THE TASK: Pictures are not part of the answer. Write out exactly the lines from the one containing "۱۶ آذر یادآور" through the end of the material below.

DATA EXTRACT:
★ ★ ★
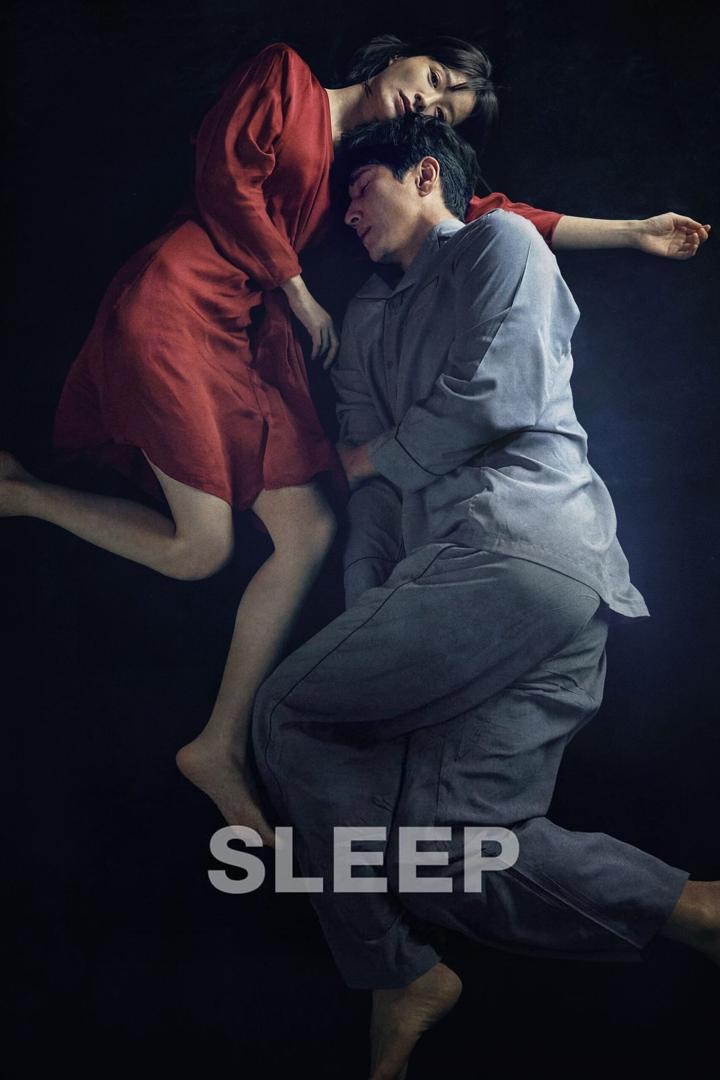 9 Filem Seram Korea Terbaik Tahun Ini 8 9b9af194 c234 4e88 9ab0 35e55c0b901f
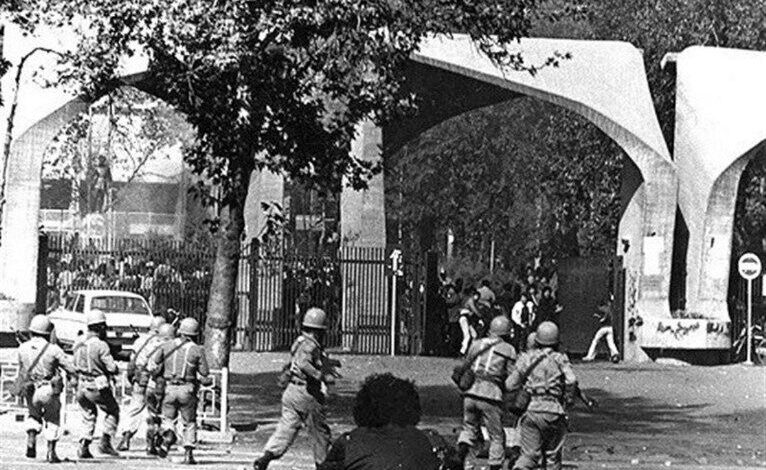 ۱۶ آذر یادآور جوانانی است که با حقیقت‌جویی به سوی آرمانی الهی حرکت کردند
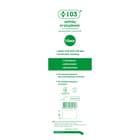 Шприц +103 3-х компонентный стерильный игла 21G Luer Slip 10 мл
★ ★ ★
ANSWER BOX:
 ۱۶ آذر یادآور جوانانی است که با حقیقت‌جویی به سوی آرمانی الهی حرکت کردند
 Шприц +103 3-х компонентный стерильный игла 21G Luer Slip 10 мл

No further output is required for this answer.